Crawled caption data
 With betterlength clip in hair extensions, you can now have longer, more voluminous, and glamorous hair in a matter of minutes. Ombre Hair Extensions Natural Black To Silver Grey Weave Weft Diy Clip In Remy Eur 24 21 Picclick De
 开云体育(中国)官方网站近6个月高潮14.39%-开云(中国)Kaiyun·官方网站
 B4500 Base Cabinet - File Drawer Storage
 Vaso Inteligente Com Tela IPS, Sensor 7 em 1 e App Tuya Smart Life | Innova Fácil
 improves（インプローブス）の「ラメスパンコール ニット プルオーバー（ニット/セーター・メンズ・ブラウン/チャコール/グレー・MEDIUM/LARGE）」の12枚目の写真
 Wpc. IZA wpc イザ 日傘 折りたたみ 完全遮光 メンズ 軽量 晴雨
--
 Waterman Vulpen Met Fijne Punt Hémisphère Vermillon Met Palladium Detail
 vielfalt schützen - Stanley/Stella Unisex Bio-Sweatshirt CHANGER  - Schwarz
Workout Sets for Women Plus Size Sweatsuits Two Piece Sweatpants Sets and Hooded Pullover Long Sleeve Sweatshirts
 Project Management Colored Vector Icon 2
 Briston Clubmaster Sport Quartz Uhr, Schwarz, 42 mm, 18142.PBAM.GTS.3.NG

(Exercise details)
Please copy every line of the data that carries the string "Schwarz".

(Answer section)
 vielfalt schützen - Stanley/Stella Unisex Bio-Sweatshirt CHANGER  - Schwarz
 Briston Clubmaster Sport Quartz Uhr, Schwarz, 42 mm, 18142.PBAM.GTS.3.NG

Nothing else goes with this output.